Meet Europe’s Latest National Park, A Wild River in the Heart of Albania
The Vjosa is a more than 400-kilometer (approximately 250 miles) river that flows from Greece’s Pindus Mountains to Albania’s Adriatic coast through the habitats of otters, Egyptian vultures and Baltic lynxes among more than 1,100 animal species.
As of Wednesday, it is also Europe’s first wild river national park.
“Today we protect once and for all the only wild river in Europe,” Albanian Prime Minister Edi Rama said at the designation ceremony, as The Guardian reported.
The Vjosa is the one of the only wild rivers in Europe outside of Russia, according to the International Union for Conservation of Nature (IUCN), one of the organizations that campaigned for the park’s formation. It passes through a variety of landscapes from gorges near the start of its journey to a delta at the end. The middle stretch alone incorporates at least eight different habitat types. The area is also home to abundant biodiversity, including 13 species of animal and two species of plant that the IUCN has designated as threatened.

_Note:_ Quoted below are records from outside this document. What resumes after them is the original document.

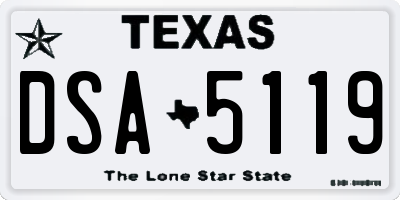 TX license plate DSA5119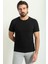 Çizgi Desenli Siyah Renk Slim Fit Bisiklet Yaka Erkek T-Shirt 1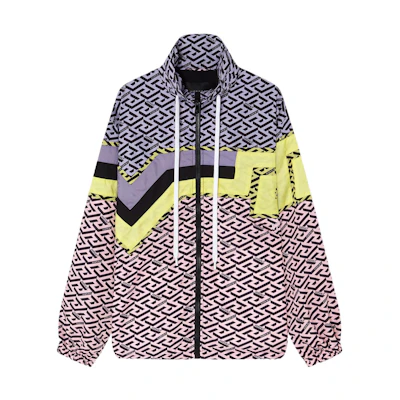 VERSACE SS22 Geometric Striped High-Neck Jacket Multicolor. 1003641-1A02905-5P210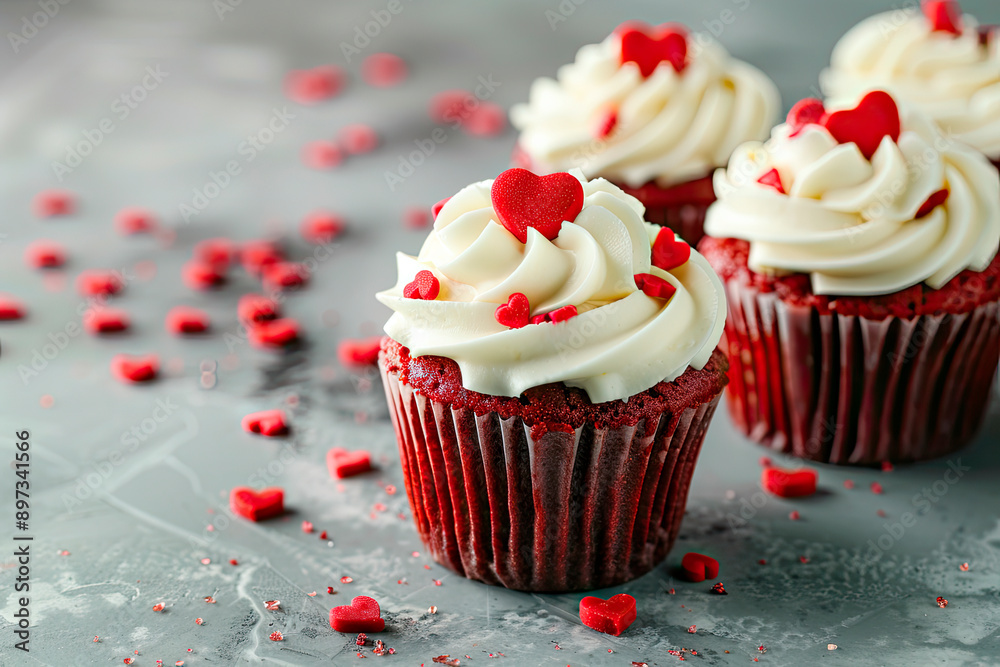 Red velvet cupcakes with cream cheese frosting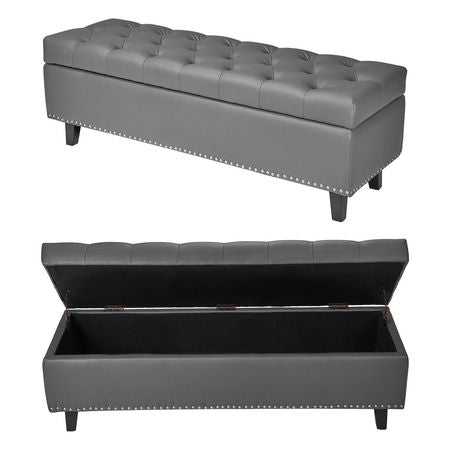 Button-Tufted Storage Ottoman Bench, PU Leather Bench with Storage and Solid Wood Legs, Modern Shoe Benches Seat for Entryway, Upholstered End of Bed Benches for Living Room, Dining Room, Gray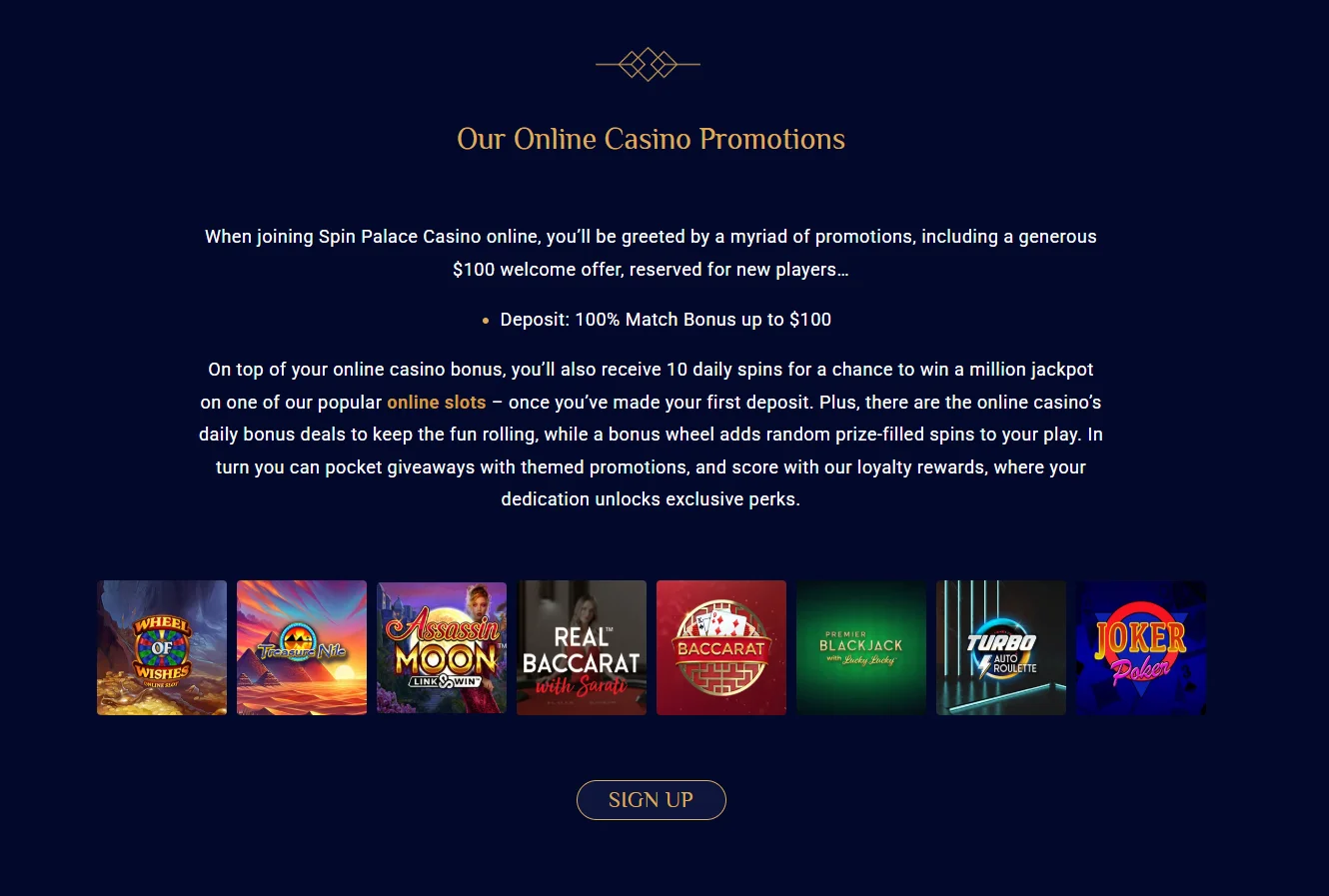 Spin Palace bonus preview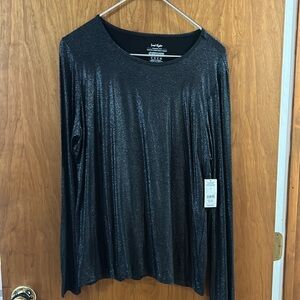 Ladies XL black/silver long sleeve top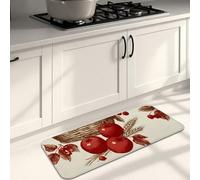 Tappetini da cucina rustici per pavimento, motivo mele rosse, vintage, morbidi, imbottiti, confortevoli, lavabili, antiscivolo, per lavelli, lavanderia e bagno, 40 x 119 cm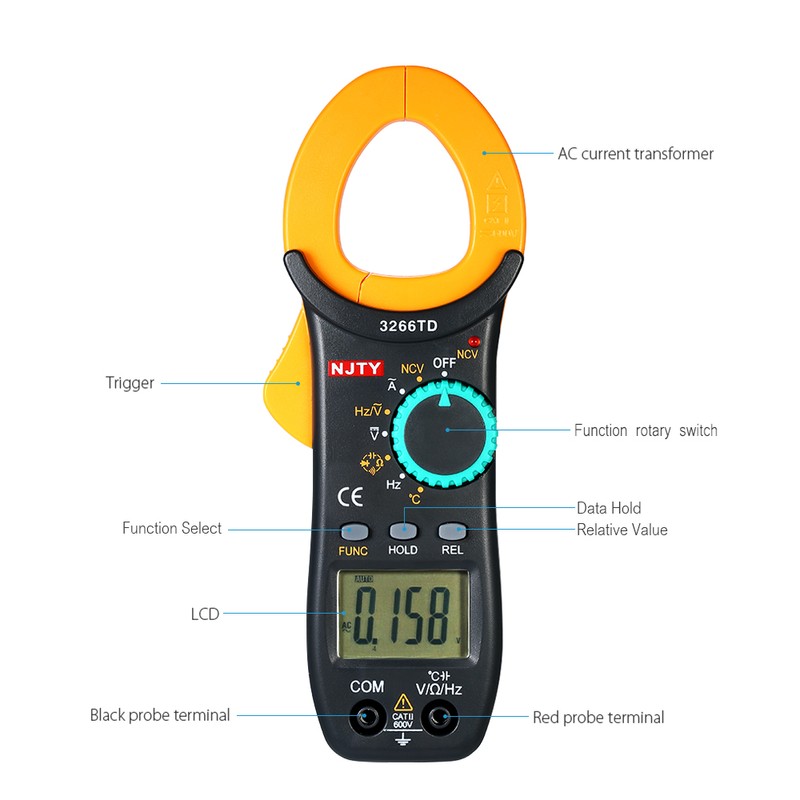 NJTY Digital Clamp Meter 4000 Counts Auto Range Multimeter with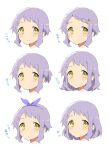  1girl alternate_hair_length alternate_hairstyle blush braid commentary_request dot_nose expressionless hair_ornament hair_ribbon hairclip highres idolmaster idolmaster_million_live! looking_at_viewer makabe_mizuki medium_hair mochigome_(ununquadium) multiple_views purple_hair ribbon short_hair short_ponytail sidelocks translation_request wavy_hair white_background yellow_eyes 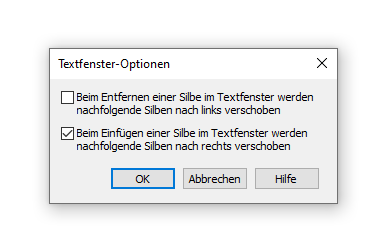 Dialogbox Textfenster-Optionen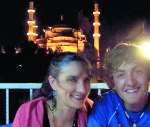 Sam and Lorna Swain in front of the Blue Mosque in Istanbul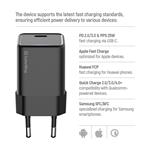 ColorWay 1x USB-C/ sieťová nabíjačka/ GaN/ PD/ PPS/ 25W/ čierna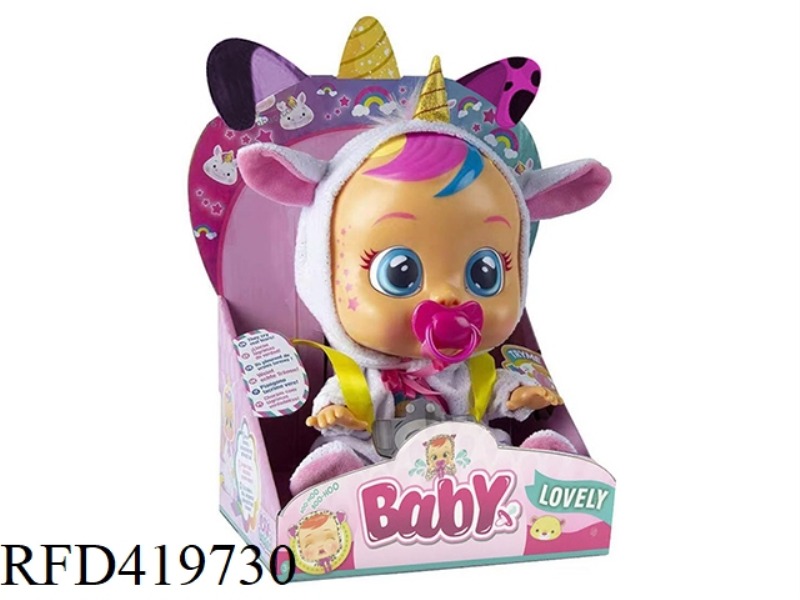 THE 2ND GENERATION UNICORN 14-INCH VINYL CRYING DOLL WITH 4 SOUNDS OF MUSIC WITH PACIFIER DOLL WITH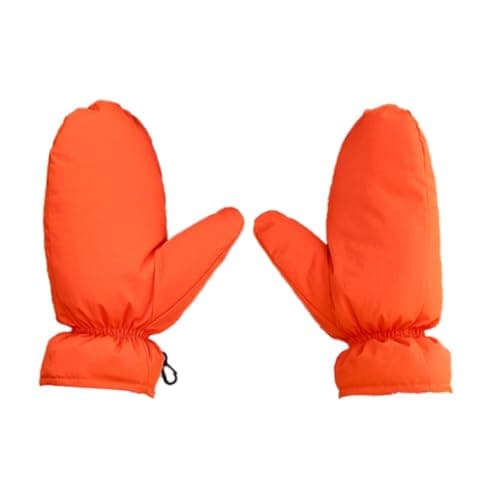 rockible Down Mittens Snow Mittens Soft Warm for Men Women Insulated Winter Gloves Ski Mittens for Biking Snowboarding Skiing Cycling, Orange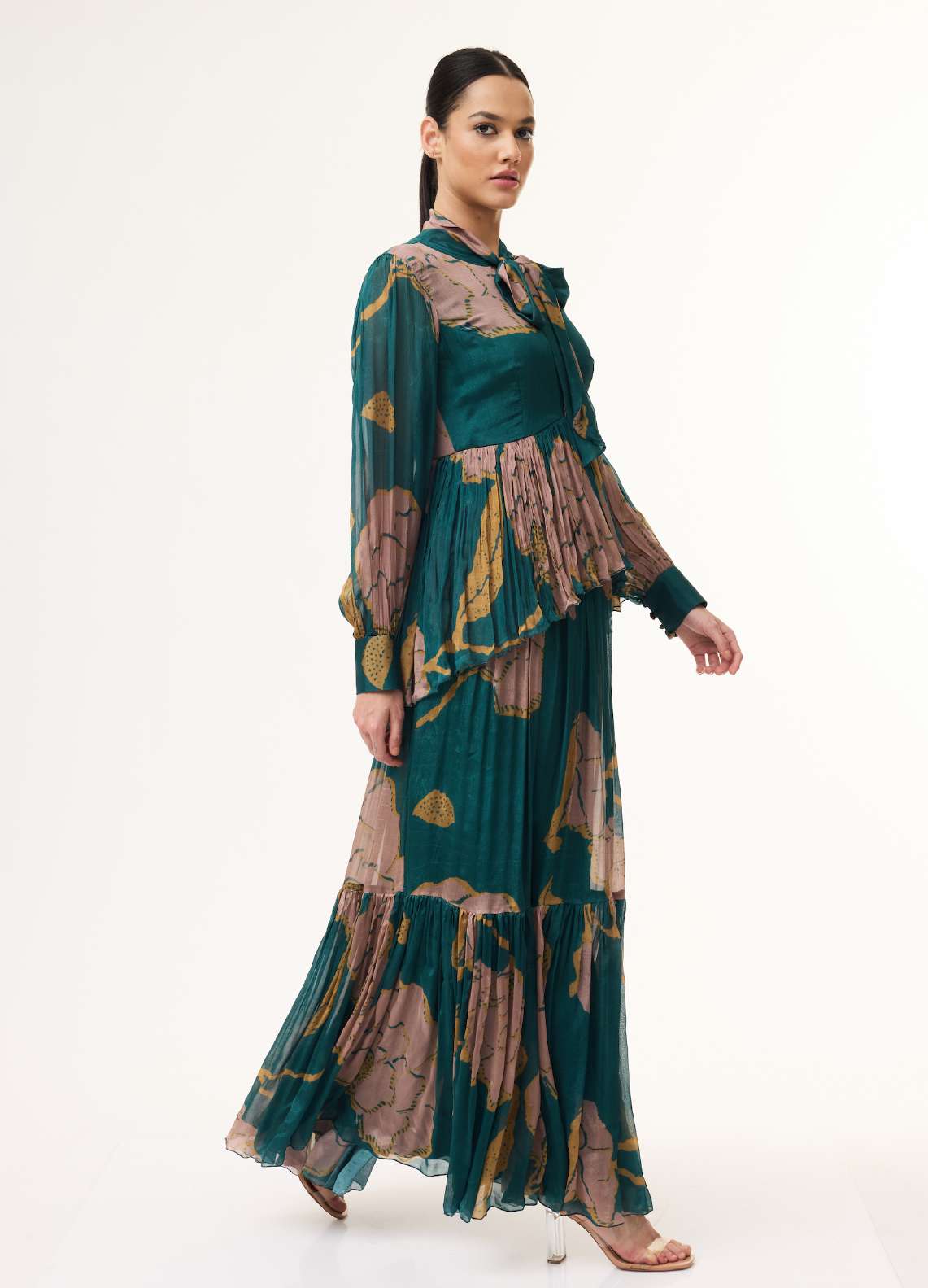 TEAL, PINK AND MUSTARD FLORAL LONG DRESS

Its protection is especially important, according to the new park’s website, because “freshwater ecosystems are the most threatened in the world.”
Since 1970, the populations of freshwater species globally have fallen by 84 percent and the populations of migratory fish in Europe have fallen by 94 percent. In addition to protecting natural wonders, the new park also includes the UNESCO World Heritage site of Gjirokastra, famous for its two-story 17th century houses.
“Vjosa is a symbol of human history and also a very important part of the history of our country,” Albania’s Minister of Tourism and Environment Mirela Kumbaro Furxhi said in the IUCN press release. “Maybe Albania does not have the power to change the world, but it can create successful models of protecting biodiversity and natural assets and we are proud to announce the creation of this first National Park on one of the last wild rivers in Europe.”
Vjosa’s protection was not inevitable. The river faced threats from 40 planned hydropower plants either on the river itself or on its tributaries, a proposed airport near its mouth and even oil exploration by Shell, according to NGO coalition Save the Blue Heart of Europe. However, the coalition united with IUCN, local and international experts and outdoor clothing company Patagonia to advocate for a park, according to IUCN.
The Albanian government listened. In June 2022, Rama, Kumbaro and Patagonia CEO Ryan Gellert signed a promise to create the Vjosa Wild River National Park, which finally came to fruition after nine months of research and consultations.
“This unique collaboration between government, civil society and business is testament to the power of collective action and we hope it will inspire others to come together to protect the wild places we have left, in a meaningful way,” Gellert said in the IUCN release. “Standing on the banks of the Vjosa today, we are humbled to know that this exceptional river and its wildlife will be conserved forever.”